MARTINEZ, Calif. (KGO) -- The ABC7 News I-Team was there Friday as agents from the Federal Bureau of Investigation and the Environmental Protection Agency fanned out in Martinez, interviewing residents about the Thanksgiving Day release from the Martinez Refining Company.
We have confirmed that the FBI and the Environmental Protection Agency have launched a joint investigation into the incident. A source told the I-Team's Dan Noyes overnight and Friday, we confirmed that the agents have been out in Martinez for two days looking for information.
We found one set of federal agents interviewing a resident along Camino del Sol in Martinez this morning, then another set, and another. About 10 groups of agents from the FBI and the EPA - including some from as far away as Honolulu, went door-to-door. The agents declined to be interviewed on camera, saying they are not authorized to speak on behalf of their agencies. But they did confirm an investigation is now underway into last Thanksgiving's chemical release from Martinez Refining Company.
Noyes reports, "The fact finding has just begun. One agent told me this is basically page 7 out of an 800 page novel."
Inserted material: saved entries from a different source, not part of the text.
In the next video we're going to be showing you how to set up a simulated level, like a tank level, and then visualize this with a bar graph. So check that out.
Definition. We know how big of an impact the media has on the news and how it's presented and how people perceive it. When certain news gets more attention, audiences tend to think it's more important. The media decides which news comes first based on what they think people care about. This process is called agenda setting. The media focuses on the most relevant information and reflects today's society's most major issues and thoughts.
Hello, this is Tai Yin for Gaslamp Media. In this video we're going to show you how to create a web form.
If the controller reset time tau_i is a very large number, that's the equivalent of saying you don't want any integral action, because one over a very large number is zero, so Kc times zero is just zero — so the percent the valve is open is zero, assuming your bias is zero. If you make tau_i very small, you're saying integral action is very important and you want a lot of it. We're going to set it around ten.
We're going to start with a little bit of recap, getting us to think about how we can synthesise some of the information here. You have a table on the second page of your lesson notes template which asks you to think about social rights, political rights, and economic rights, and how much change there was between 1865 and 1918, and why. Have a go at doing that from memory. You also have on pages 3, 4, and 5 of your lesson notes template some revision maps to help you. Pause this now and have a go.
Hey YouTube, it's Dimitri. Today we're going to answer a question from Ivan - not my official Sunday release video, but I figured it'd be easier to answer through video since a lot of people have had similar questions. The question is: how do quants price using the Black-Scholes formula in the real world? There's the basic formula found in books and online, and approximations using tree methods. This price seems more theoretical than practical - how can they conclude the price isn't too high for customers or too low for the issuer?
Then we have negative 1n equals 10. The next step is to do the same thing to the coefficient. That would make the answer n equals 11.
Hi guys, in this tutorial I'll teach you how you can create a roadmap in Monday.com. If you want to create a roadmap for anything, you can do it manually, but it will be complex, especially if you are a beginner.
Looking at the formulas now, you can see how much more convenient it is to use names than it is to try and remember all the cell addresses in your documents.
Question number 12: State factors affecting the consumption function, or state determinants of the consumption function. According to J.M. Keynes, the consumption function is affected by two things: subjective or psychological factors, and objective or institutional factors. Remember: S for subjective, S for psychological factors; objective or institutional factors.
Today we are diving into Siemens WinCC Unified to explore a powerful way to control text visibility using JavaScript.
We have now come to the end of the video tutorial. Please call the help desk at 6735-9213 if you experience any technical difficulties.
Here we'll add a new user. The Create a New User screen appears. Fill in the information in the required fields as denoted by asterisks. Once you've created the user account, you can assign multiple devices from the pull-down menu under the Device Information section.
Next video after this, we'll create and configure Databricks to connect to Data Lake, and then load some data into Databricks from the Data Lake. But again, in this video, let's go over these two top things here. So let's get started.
They tell us the investigation could result in a criminal or civil case involving the company. As much as 24 tons of ash rained down on cars and homes after release from Martinez Refining, county health officials warning residents it could contain dangerous chemicals and that they shouldn't eat produce grown in their yards.
VIDEO: Here's why residents are being warned against eating food grown in soil near Martinez Refinery
Friday, the agents spoke to residents who were surprised to have the FBI knocking at their door, including this one who asked us not to use his name: "It's kind of, never heard that, seen that, so it's kind of interesting."
Dan Noyes: "It was a surprise."
The agents passed out a card with a QR code that leads to an on-line survey.
The resident said, "All I know is they want us to do that survey to accumulate data, information."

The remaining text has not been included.